● Activity: Once you have found the line with "Just Beachy I" in the records below, retype it and every line after it to the end exactly, with no pictures and nothing more.

[Opening Records for the task section]

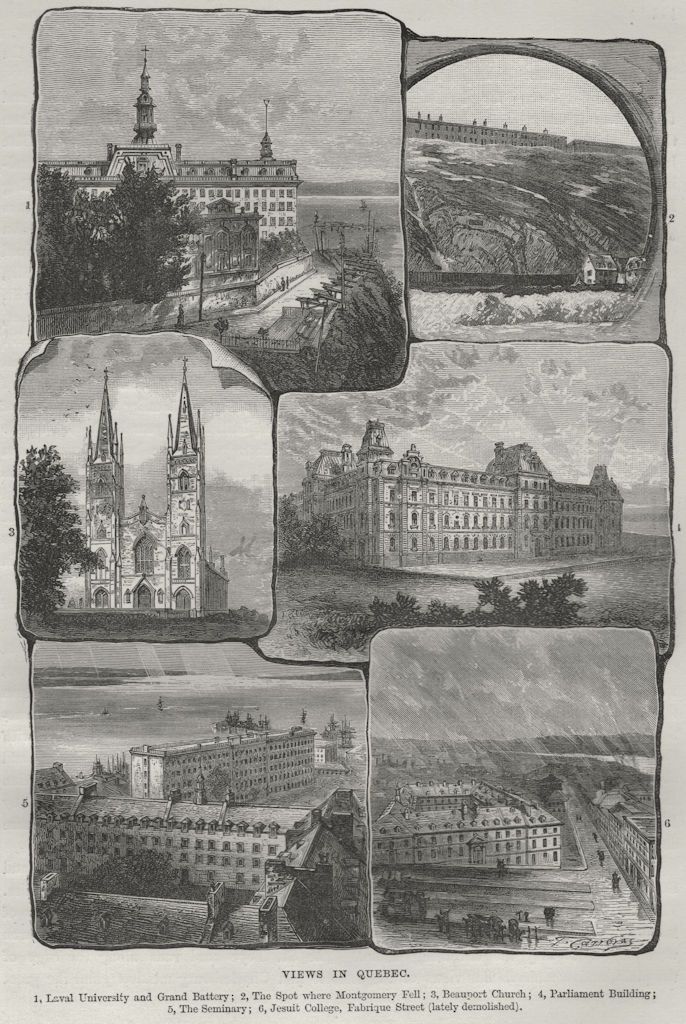 QUEBEC CITY. Laval University Beauport Parliament Jesuit College Fabrique 1882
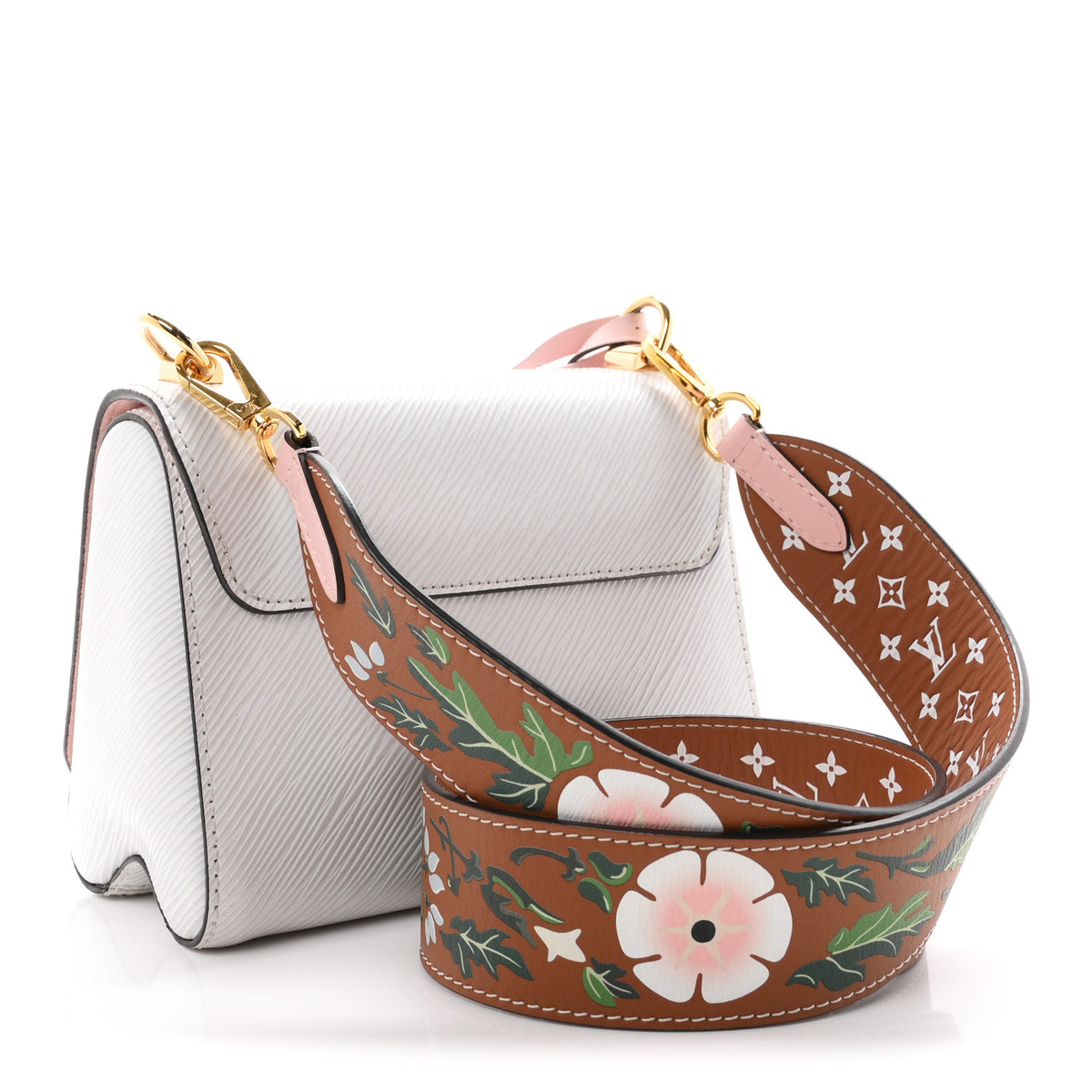 Epi Asnieres Flowers Twist Shoulder Bag PM White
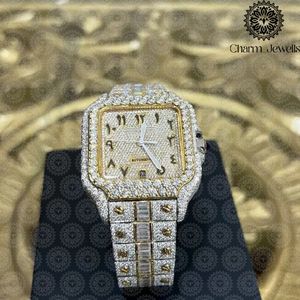 Montre de luxe pour homme Charm_Jewells en acier inoxydable, boîtier rectangulaire, mouvement à quartz analogique, accents de diamants, fermoir pliant - Product Image 3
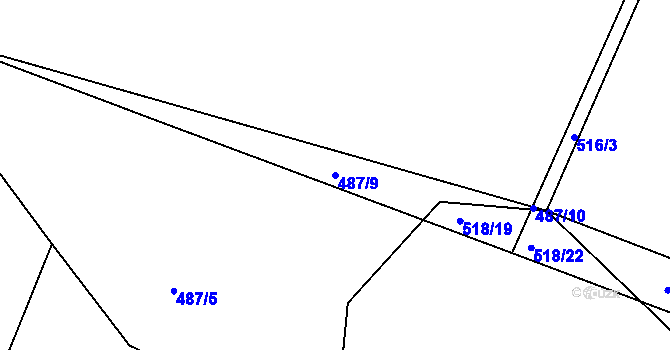 Parcela st. 487/9 v KÚ Kamýk nad Vltavou, Katastrální mapa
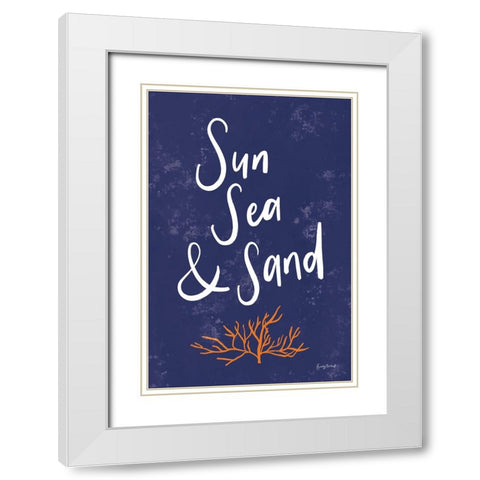 Just Beachy I White Modern Wood Framed Art Print with Double Matting by Thorns, Becky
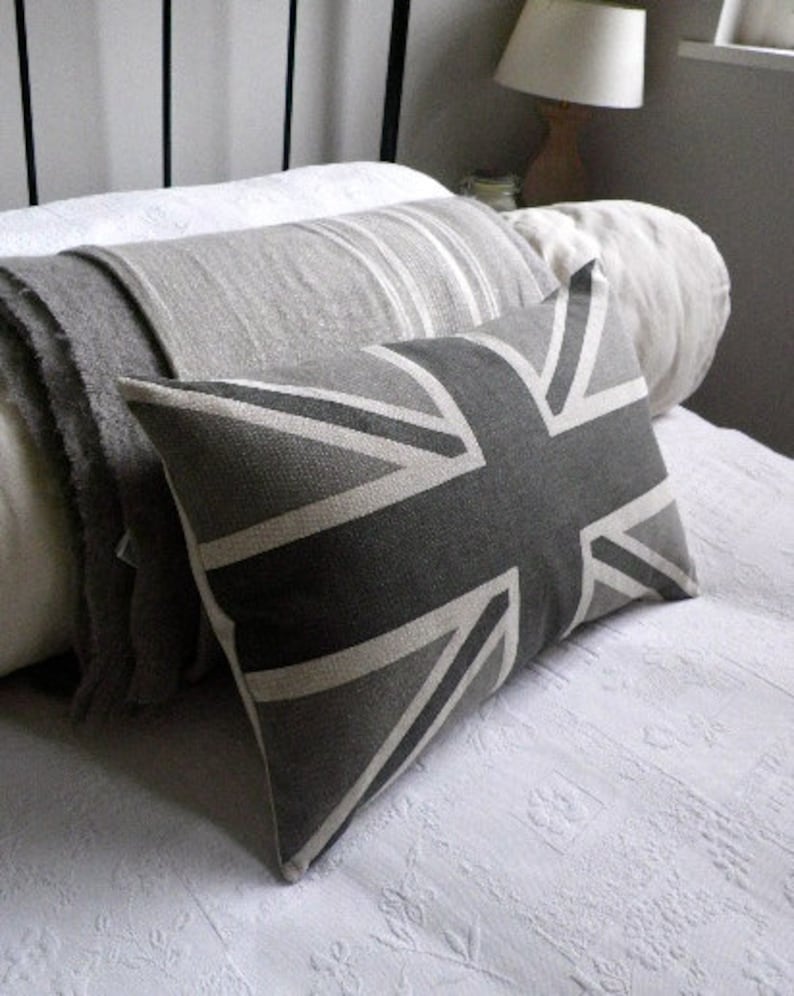 Hand Printed Classic Greys Union Jack Flag Cushion Cover Etsy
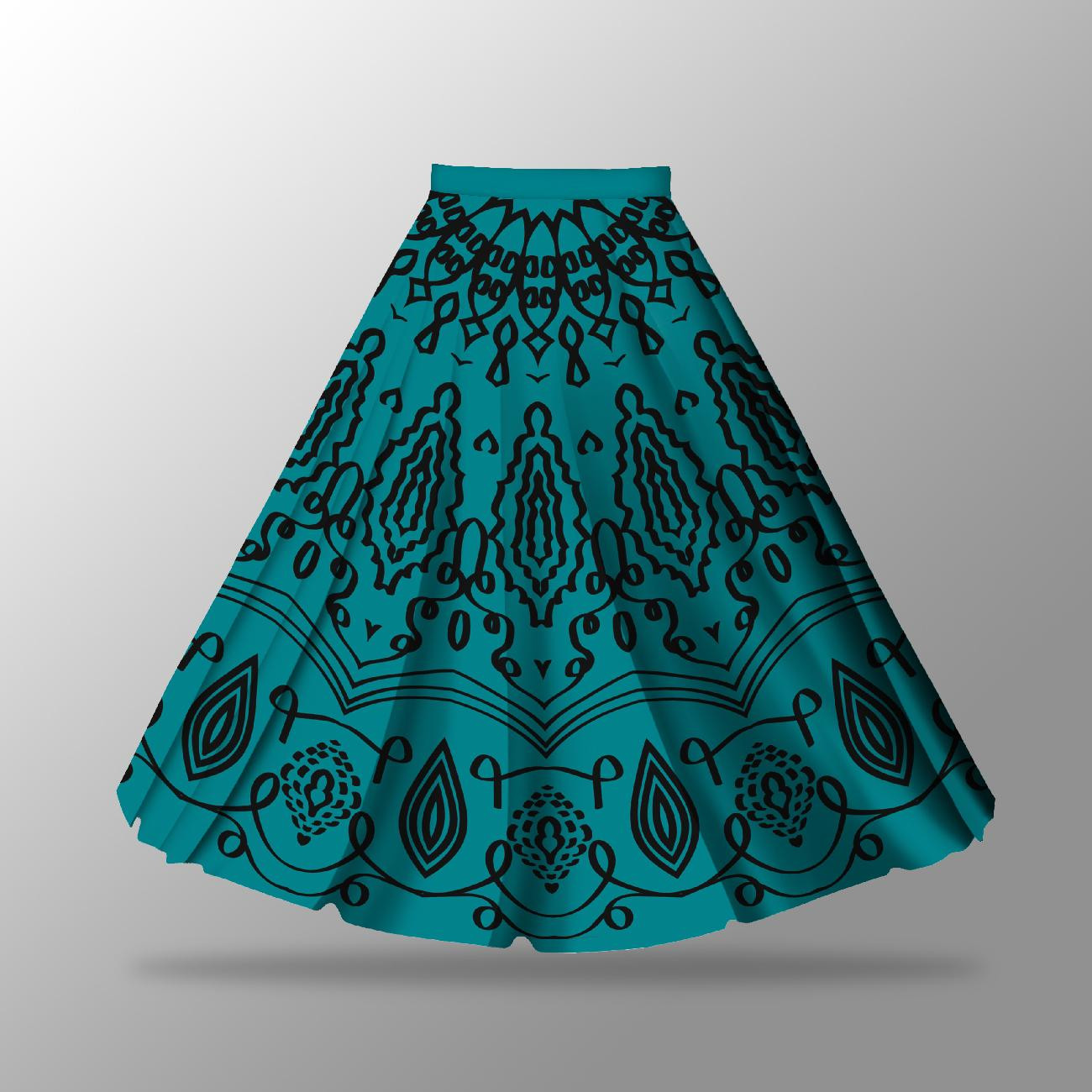 MANDALA pat. 6 / emerald - skirt panel "MAXI"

[Closing Records for the task section]

● Answer box:
 Just Beachy I White Modern Wood Framed Art Print with Double Matting by Thorns, Becky
 Hand Printed Classic Greys Union Jack Flag Cushion Cover Etsy
 MANDALA pat. 6 / emerald - skirt panel "MAXI"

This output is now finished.